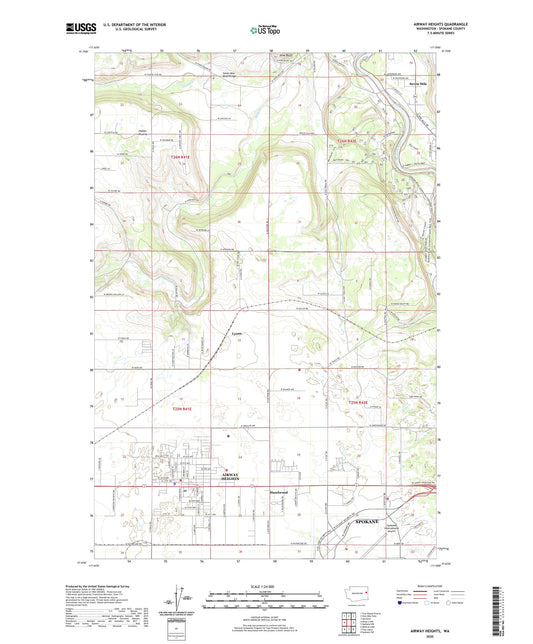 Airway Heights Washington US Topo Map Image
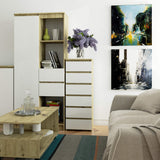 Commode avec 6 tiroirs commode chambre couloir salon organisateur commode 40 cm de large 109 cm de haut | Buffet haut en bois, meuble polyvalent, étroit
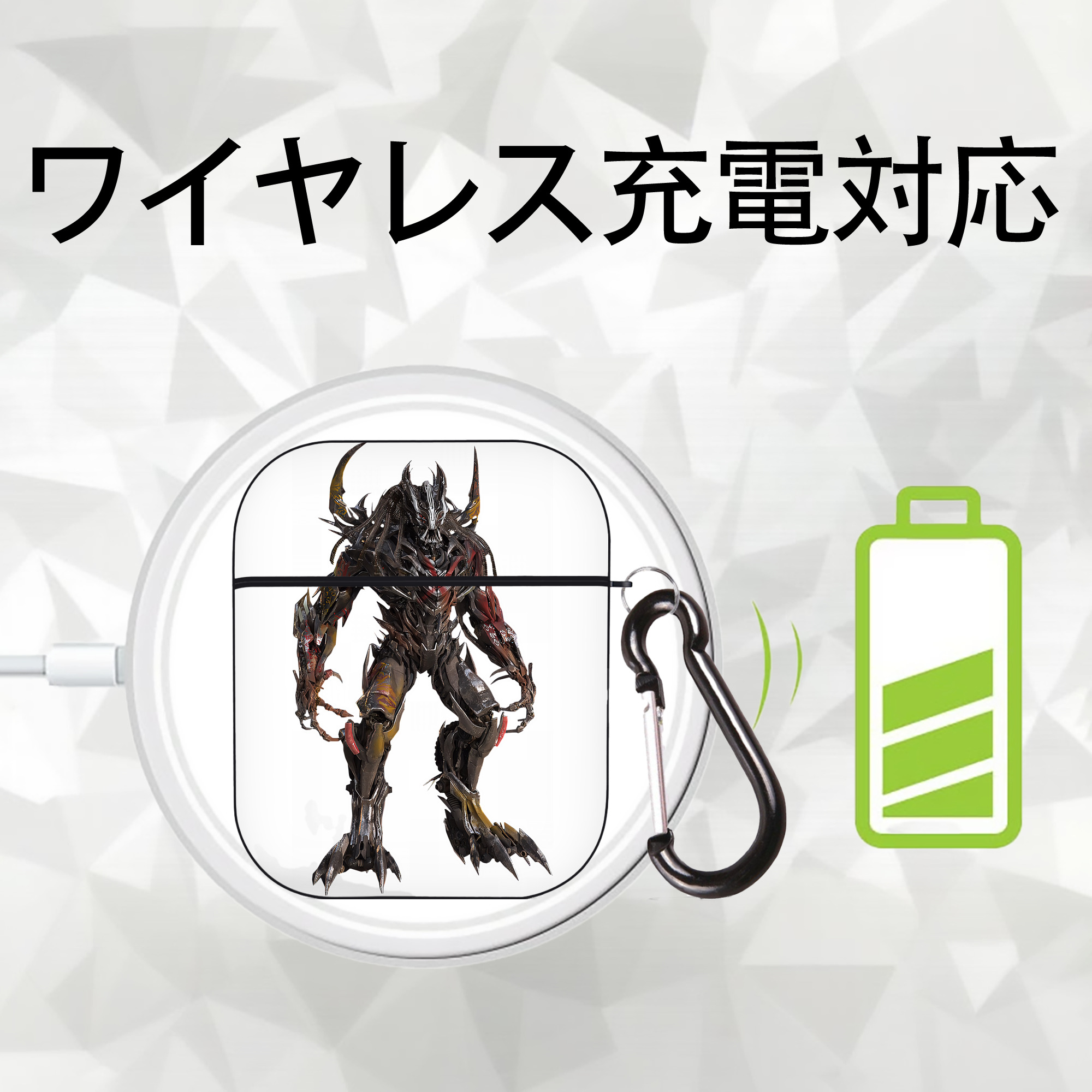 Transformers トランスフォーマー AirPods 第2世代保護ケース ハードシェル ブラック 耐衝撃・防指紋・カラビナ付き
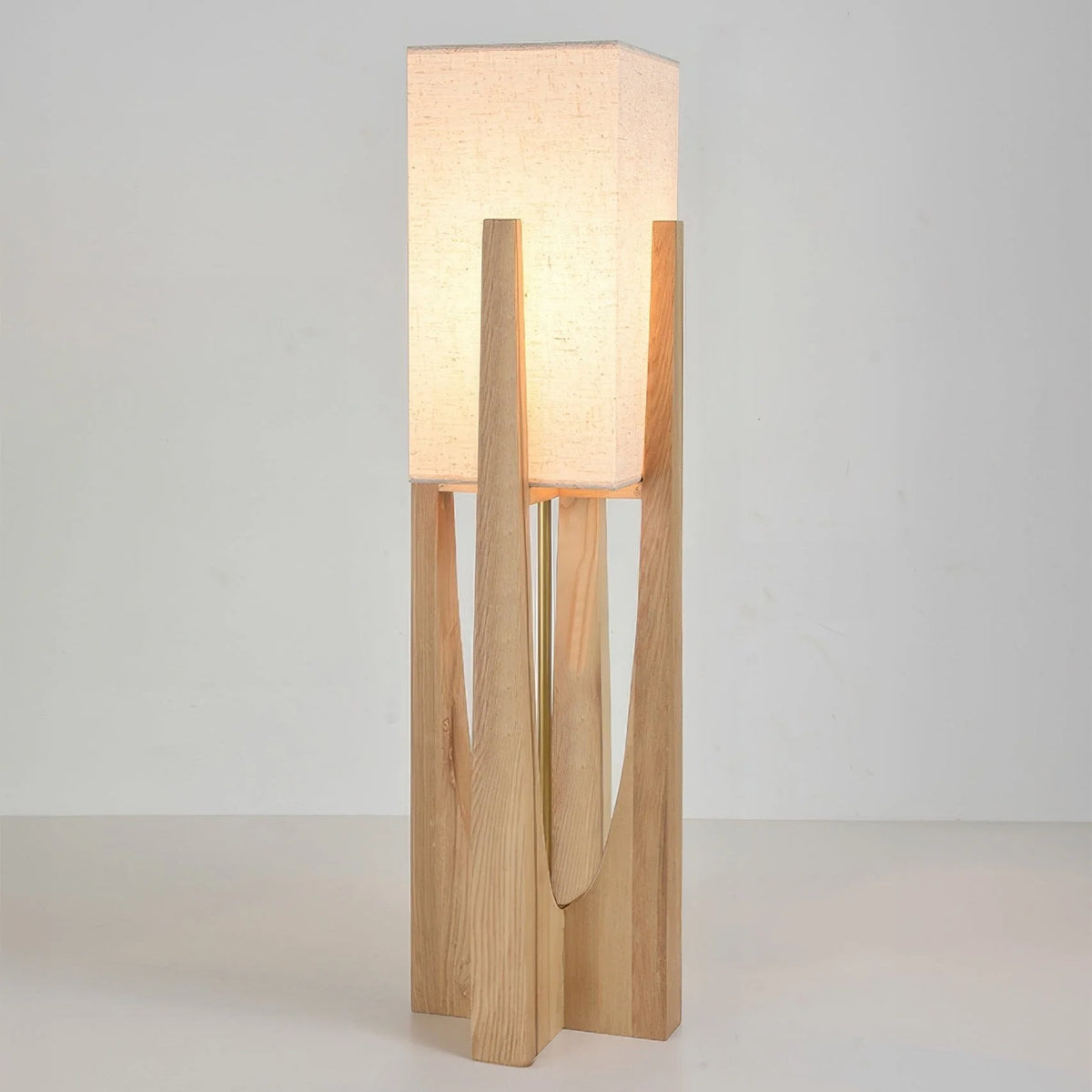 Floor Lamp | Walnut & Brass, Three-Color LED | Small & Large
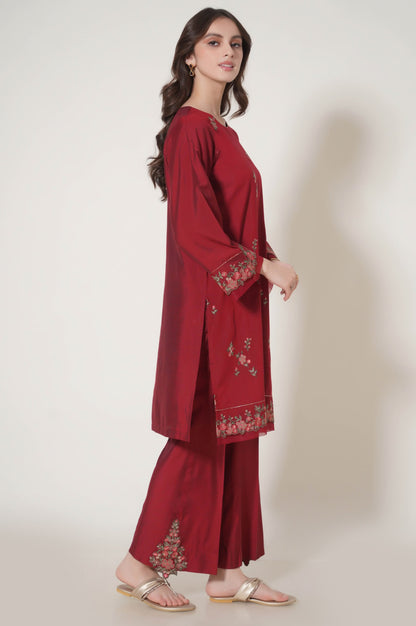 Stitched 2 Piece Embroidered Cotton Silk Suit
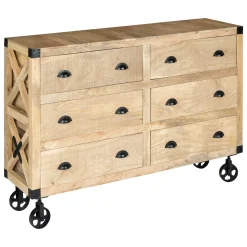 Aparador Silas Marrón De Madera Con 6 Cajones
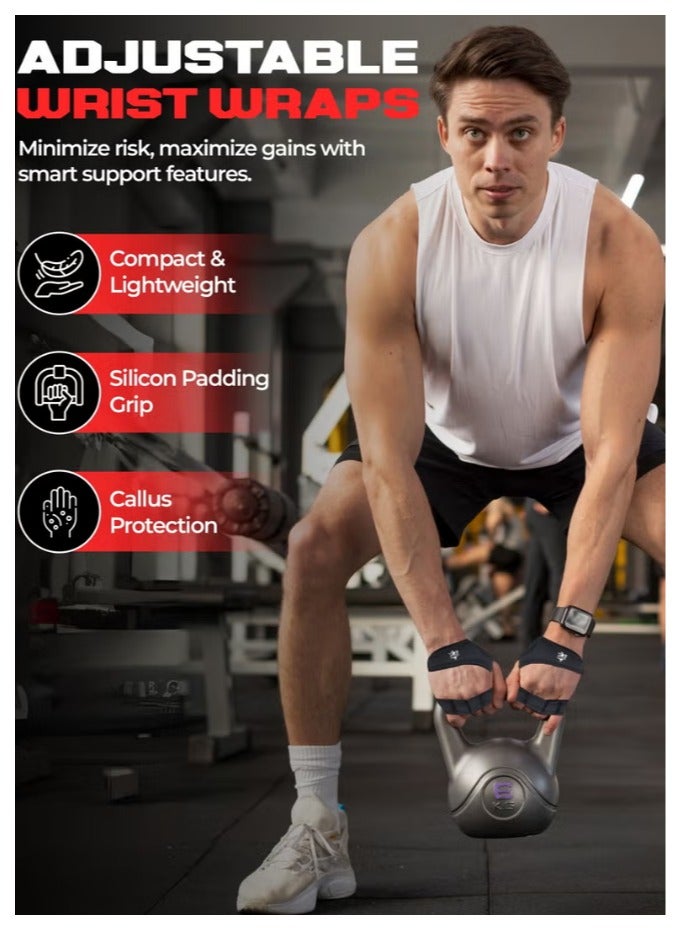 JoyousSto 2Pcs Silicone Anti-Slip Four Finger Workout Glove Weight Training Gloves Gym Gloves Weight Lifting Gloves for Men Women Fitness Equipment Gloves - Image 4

- _EXERCISE OBJECTIVE_
Reproduce exactly, with every picture left out, the lines from the one that contains "Aparador Silas Marrón" to the final line of the records above.

- _ANSWER TO THIS TASK_
 Aparador Silas Marrón De Madera Con 6 Cajones
 JoyousSto 2Pcs Silicone Anti-Slip Four Finger Workout Glove Weight Training Gloves Gym Gloves Weight Lifting Gloves for Men Women Fitness Equipment Gloves - Image 4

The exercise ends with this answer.